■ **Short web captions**
──────
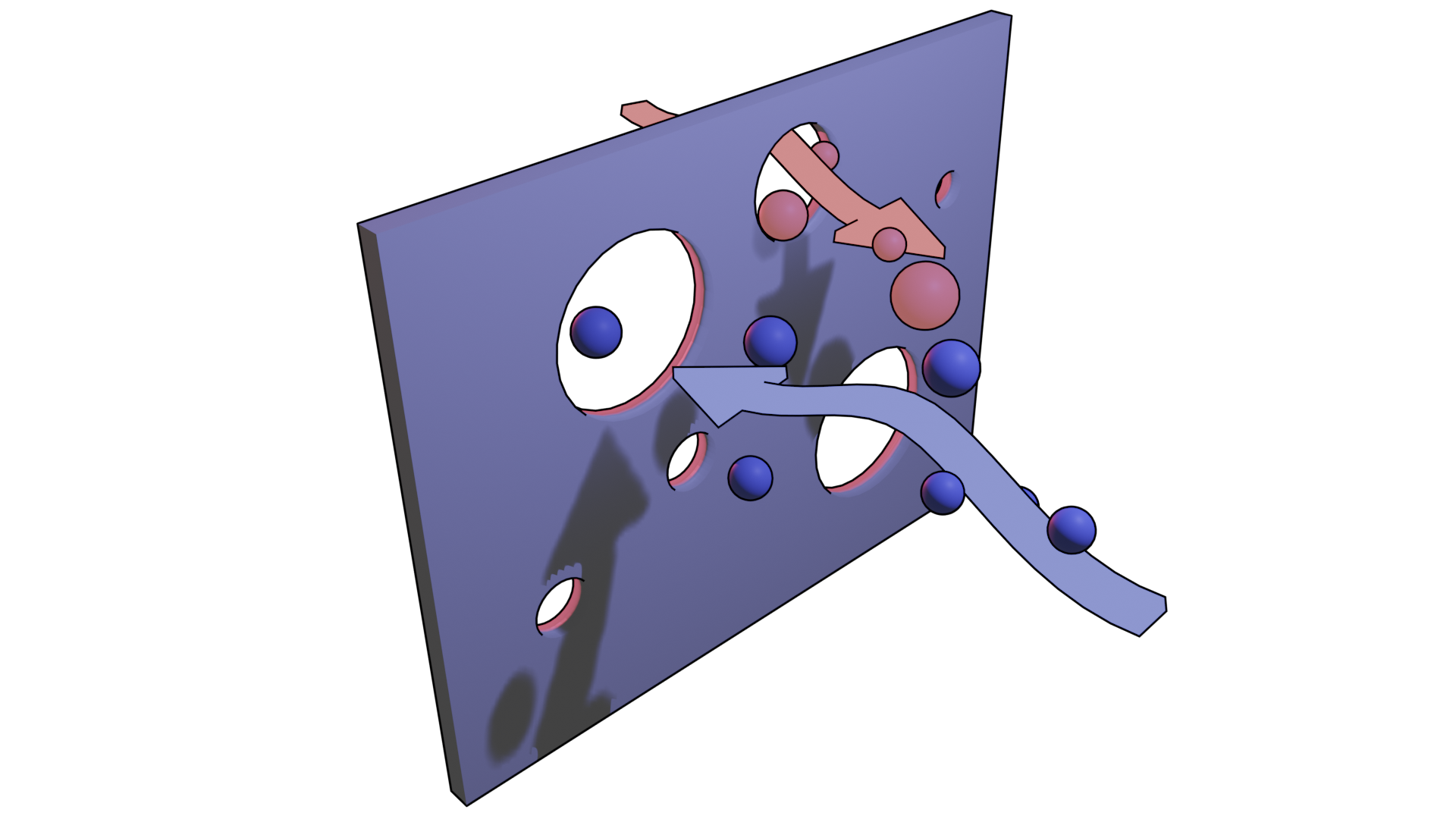 Diagram showing the pace of play osmosing between asymmetric player experiences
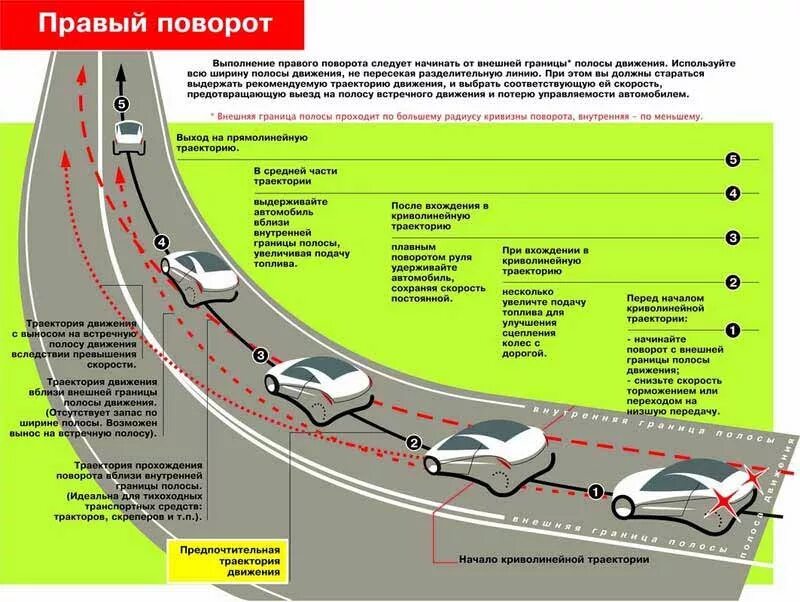 Центробежная сила автомобиля. Центробежная сила автомобиля на повороте. Движение машины на повороте. Порядок к движению машины. Плавное торможение автомобиля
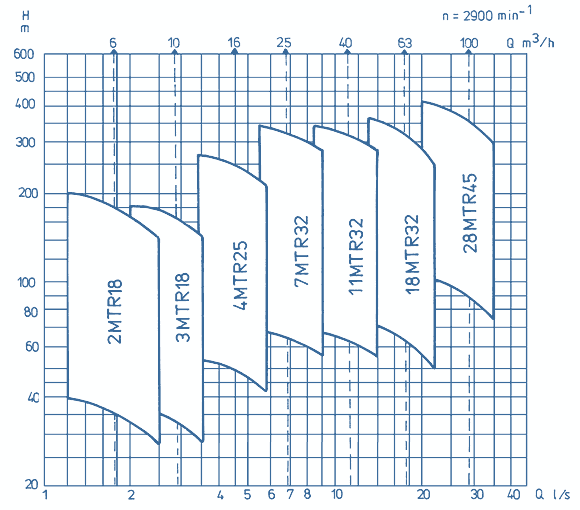 Q-H - Diagramm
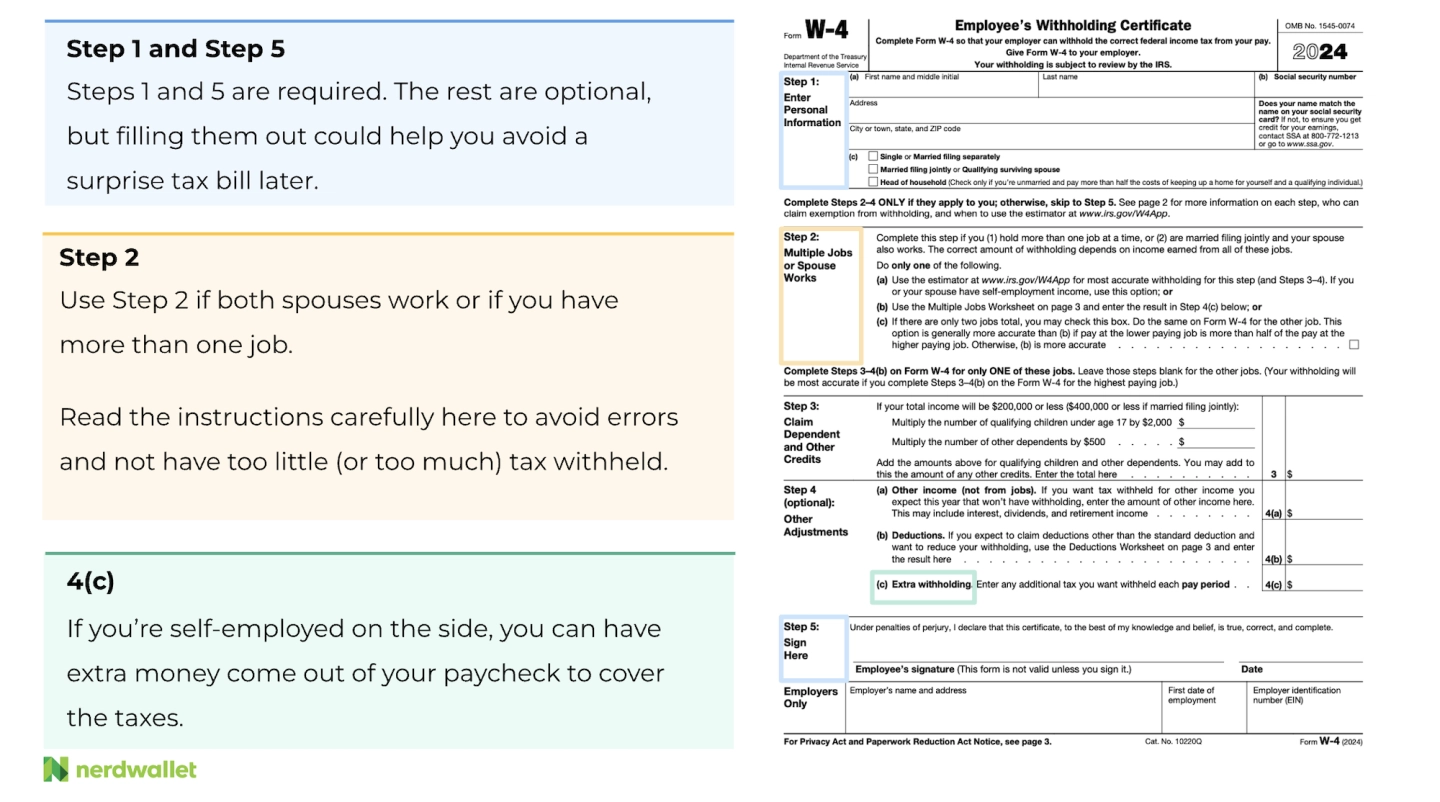 w-4 form 2024 printable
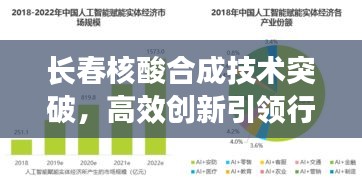 长春核酸合成技术突破，高效创新引领行业前沿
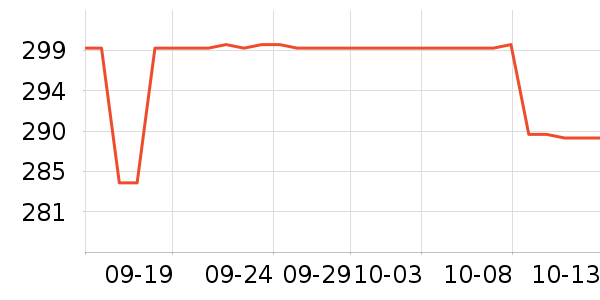 ��Դ��ʷ�۸�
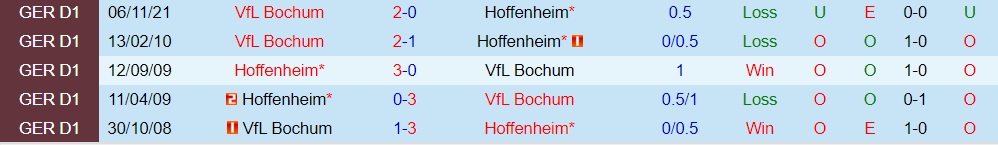 Hoffenheim vs Bochum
──────
■ **Exercise instructions**
Return the entries above in full and unchanged, omitting every image.

■ **Written solution**
 Diagram showing the pace of play osmosing between asymmetric player experiences
 Центробежная сила автомобиля. Центробежная сила автомобиля на повороте. Движение машины на повороте. Порядок к движению машины. Плавное торможение автомобиля
 Q-H - Diagramm
 w-4 form 2024 printable
 长春核酸合成技术突破，高效创新引领行业前沿
 ��Դ��ʷ�۸�
 Hoffenheim vs Bochum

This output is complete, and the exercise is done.